Yang
dimaksudkan pengumpulan al-Quran adalah salah satu dari dua perkara
berikut; pengumpulannya di dada dalam bentuk hafalan, dan pengumpulannya
pada tulisan dalam bentuk pembukuan.
Nabi ﷺ
adalah yang pertama kali mengumpulkan al-Quran seluruhnya dengan
hafalan beliau, dan dihafalkan pula oleh sebagian besar Shahabat,
seluruhnya atau sebagiannya, dan dari merekalah kaum muslimin menerima
al-Quran tersebut dalam bentuk hafalan secara turun temurun dari
generasi ke generasi hingga zaman kita sekarang ini.
Adapun pengumpulan al-Quran dalam bentuk pembukuan (tadwin), maka al-Quran tidak pernah terkumpul dalam satu mushaf (buku) pada masa Nabi ﷺ,
dikarenakan al-Quran belum turun seluruhnya kecuali di saat-saat
terakhir menjelang masa kematian beliau.
Dahulu, ketika wahyu turun, beliau
hanya akan memanggil salah seorang dari para pencatat wahyu untuk menuliskannya
pada apa yang mungkin didapatkan dari tulang hewan, pelepah kurma atau
batu.
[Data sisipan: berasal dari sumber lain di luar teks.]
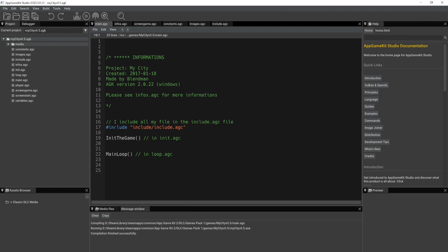So we have pound include here. And what this does is, well, let me talk about insert first. So the pound insert, so if I were to go pound insert, and then type one of the files that I have here. So I can do images.agc.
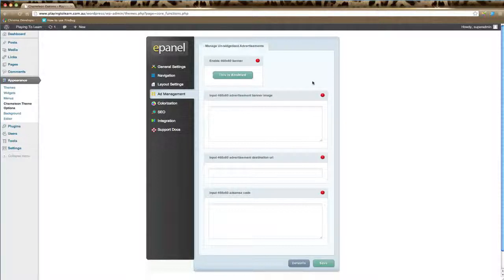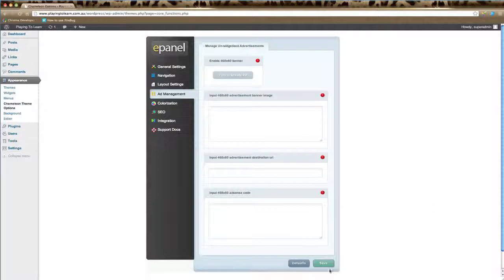In this screen, you can add in all the details of your advertisements, including the URL of the image, your AdSense code, and any other information. Do remember to click Save to make those changes.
Sebagian shahabat juga menulis ayat-ayat al-Quran itu untuk
dirinya sendiri setelah mengambilnya dari Nabi ﷺ secara langsung (talaqqi).
Alasan lainnya juga adalah karena para shahabat di masa itu memiliki perhatian yang besar terhadap hafalan melebihi perhatian mereka terhadap tulisan.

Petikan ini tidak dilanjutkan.